Teaching U.S. History in the Age of New Media
An Academic Conference
Friday November 17, 2005
1 – 5 P.M.
Graduate School and University Center, CUNY
34th and Fifth Avenue, New York, NY 10016
Sam Wineburg, Stanford University
A conference to celebrate the completion of the new media project: Investigating U.S. History. Faculty members from across City University of New York campuses have worked together to create and test interactive multimedia "lab" modules for use in the introductory college U.S. history survey. The idea is to let students "do history" with the growing amount of wonderful online archival materials and directing the use of primary sources through sophisticated inquiry based activities developed by faculty.
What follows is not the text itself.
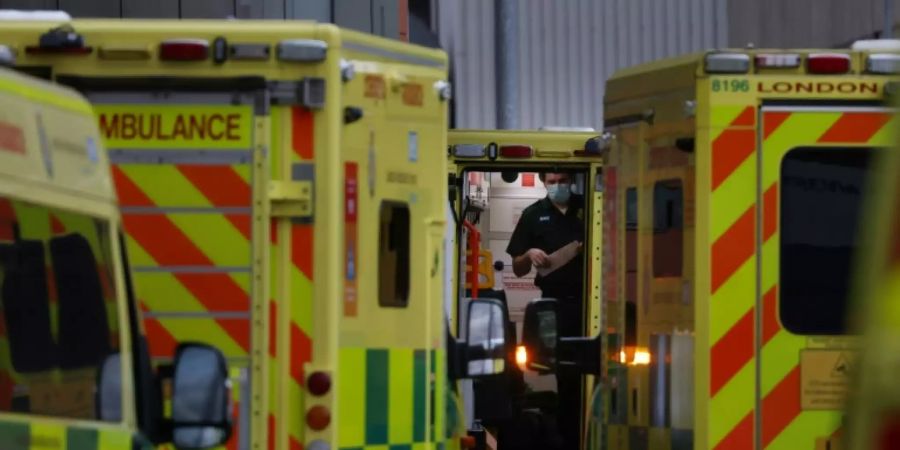 Rettungswagen vor einem Londoner Krankenhaus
The modules utilize a rich array of resources including Presidential audio tape excerpts from JFK and LBJ, photographs and folk music of the 1930s, and religious tracts from the nineteenth century.
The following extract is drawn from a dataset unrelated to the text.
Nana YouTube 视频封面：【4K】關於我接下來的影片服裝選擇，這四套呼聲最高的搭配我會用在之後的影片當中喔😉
The public launch of Investigating U.S. History offers college and secondary school faculty and other interested folks the opportunity to discuss the state of teaching U.S. history in the age of multimedia. This half-day academic conference on Friday November 17th features Stanford University’s Sam Wineburg, author of groundbreaking work on how historians know what they know — Historical Thinking and Other Unnatural Acts (Temple, 2001). Professor Wineburg will address the plenary on “Seeing Thinking.” Faculty module developers will present and discuss their modules during intermission, and we will conclude with breakout discussion sessions on approaches to teaching U.S. historical periods and themes.